List<int> list = new ArrayList<int>();
list.add(0);
// In C++ the add could point directly to ArrayList::add
// In Vala we do the indirect call

Even if the analysis was implemented in Vala the optimization could not be easily implemented without tweaks to detect the ABI. It would not be impossible to simply export gee_array_list_add to allow compiler to look up the correct function and use it directly. As it changes the ABI the classes would need to be explicitly annotated.

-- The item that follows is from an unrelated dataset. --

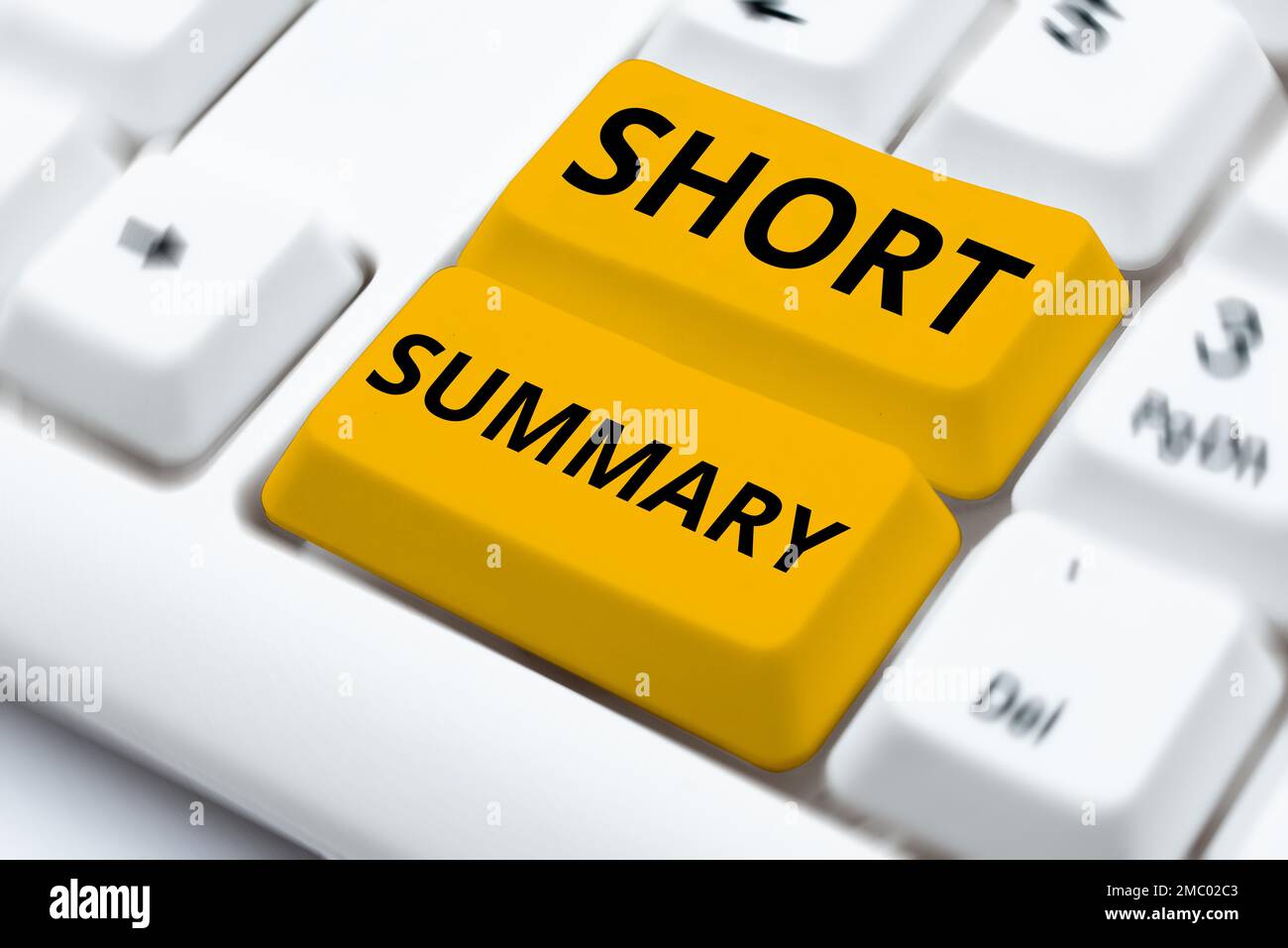 Writing displaying text Short Summary. Word for Brief statement of main points clear Stock Photo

Other problem present in Vala is the abstract classes deriving from interfaces. If class overrides a method of such interface currently the following happens:

Interface method resolution function (my own naming – not a standard one) is called – 1 direct jump
The interface vtable is looked up (memory load) and from it is read a location of abstract class resolution function – 1 indirect jump
The abstract class vtable is looked up (memory load) and from it the real function is executed – 1 indirect jump
The real method is executed

In total it is 2 indirect jumps (depending on memory load) and 1 direct jump. There seems to be at least 2 ways of improving it:

Instead of overriding just the abstract class the child class might simply reimplement the interface under the hood thus allowing to directly jump to the method. It seems to be possible given existence of g_type_interface_peek_parent.

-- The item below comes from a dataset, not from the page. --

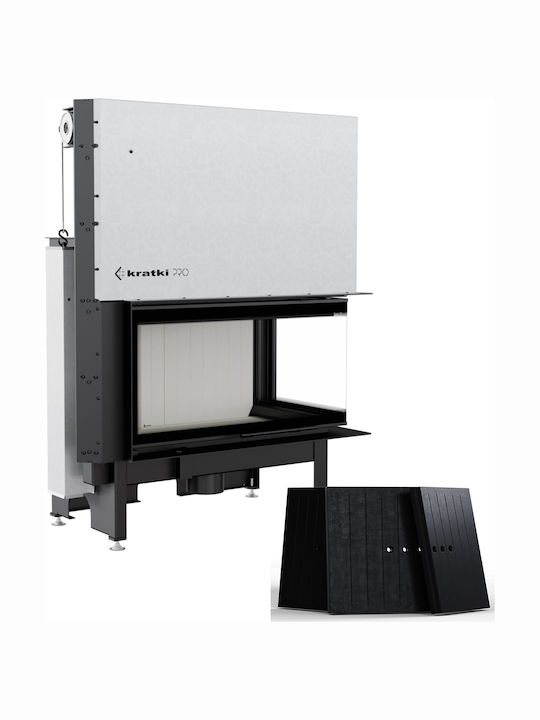 Kratki Nadia 14 P BS Guillotine Wood Fireplace Insert with Right Corner Window 14kW Black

As the interface implementation can be per-derived class instead of one per hierarchy the pointer to real implementation can be inserted into the vtable. This allows to skip the detour via abstract class resolution function and one indirect call saving some time.
While technically not fully compatible with GObject it is possible to directly resolve the method from outside the class. Consider following loop:
```
List<int> list = ...
for (int i = 0; i < list.size; i++) {
    do_something (list.get (i));
}
```
It would be compiled into something roughly corresponding to:
```
GeeList list = ...
for (int i = 0; i < gee_list_get_size (list); i++) {
    int tmp = gee_list_get (i);
    do_something (tmp);
}
```
Instead it would be possible to simply get the function pointers for the gee_list_get_size and gee_list_get – chances are that register won’t be saved on stack and they would be used right away. In following code it might not do much difference but it more complicated ones it might make an impact.

Conclusion

Control flow may have an impact on the performance of the program. Usually the compiler, JIT and natural flow of language directs to certain usage-patterns which can be exploited. Unfortunately Vala doesn’t have many optimizations implemented (at least yet) and they cannot be done by C compiler.

In many cases people either don’t care about performance (does it matter if calculator displays result in few 17 ms faster?). Once people are interested in performance they can start optimizing even if it is not natural way in a language (for example struct of arrays in C/C++). It is worth to keep in mind for such case that Vala does not optimize the virtual calls as much as C++ or Java.